*** Opening Data section ***
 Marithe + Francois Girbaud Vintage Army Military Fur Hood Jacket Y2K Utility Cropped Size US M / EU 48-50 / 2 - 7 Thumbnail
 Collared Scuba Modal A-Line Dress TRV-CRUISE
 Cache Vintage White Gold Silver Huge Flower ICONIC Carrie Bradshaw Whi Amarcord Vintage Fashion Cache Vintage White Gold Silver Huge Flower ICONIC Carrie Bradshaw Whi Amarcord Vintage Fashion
*** Closing Data section ***
*** Opening Data section ***
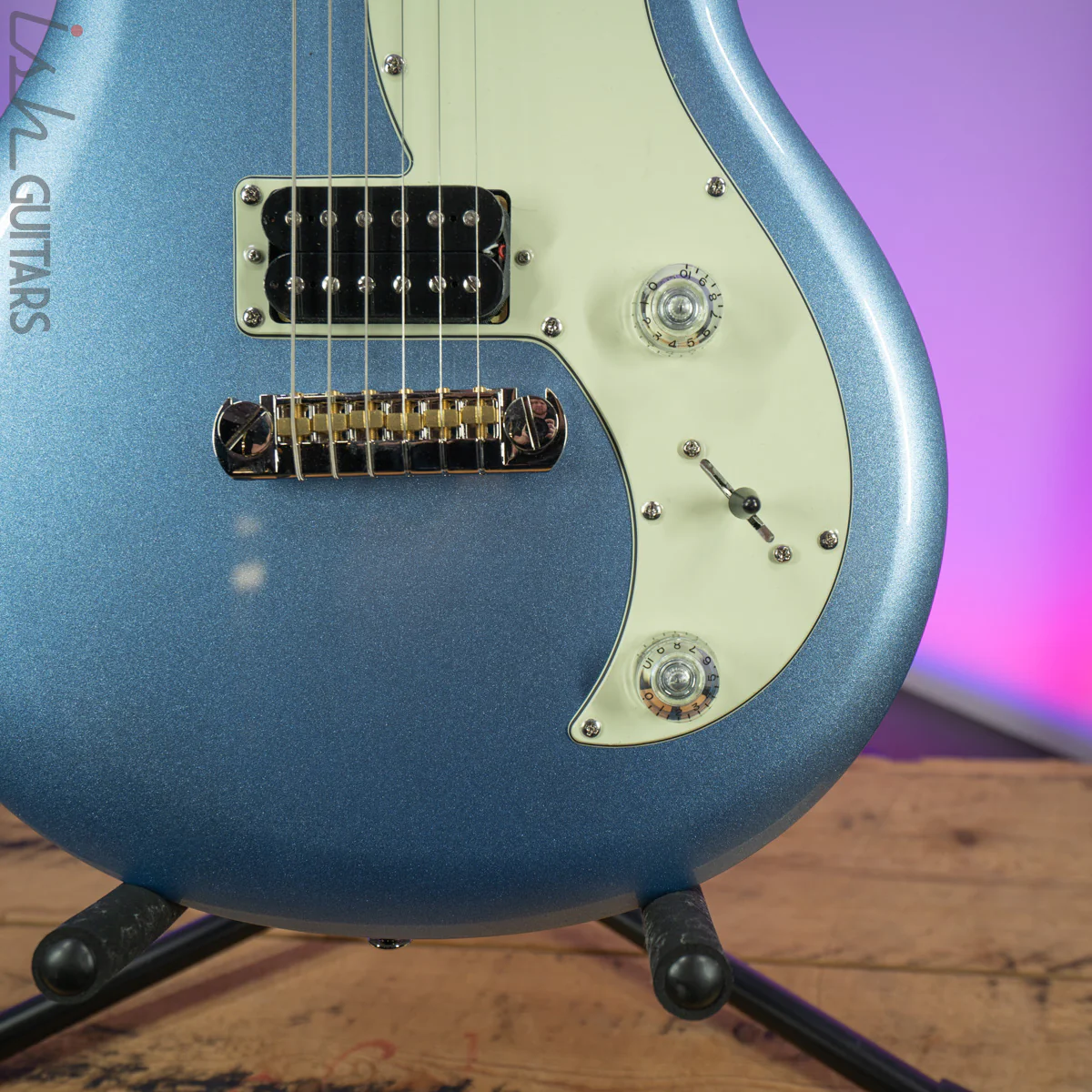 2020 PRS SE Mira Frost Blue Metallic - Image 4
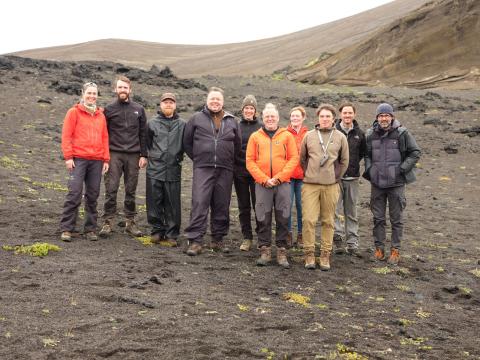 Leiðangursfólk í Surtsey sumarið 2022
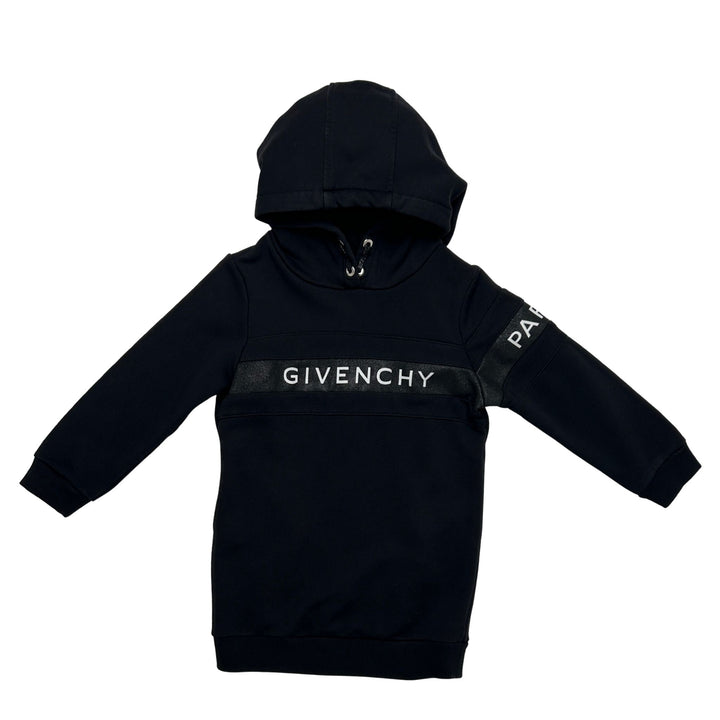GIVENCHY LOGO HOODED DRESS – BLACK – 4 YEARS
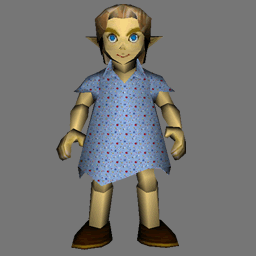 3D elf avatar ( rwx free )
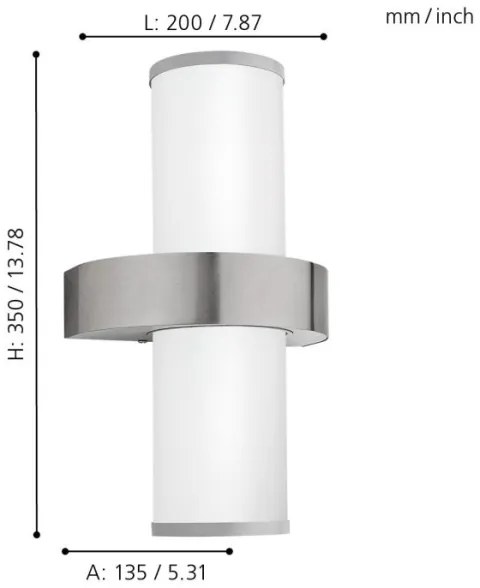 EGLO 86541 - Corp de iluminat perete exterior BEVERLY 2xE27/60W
*** Closing Data section ***
What is expected:
Of all the lines in the data, count those that contain "Vintage" and give that figure with nothing else.

Result of this task:
2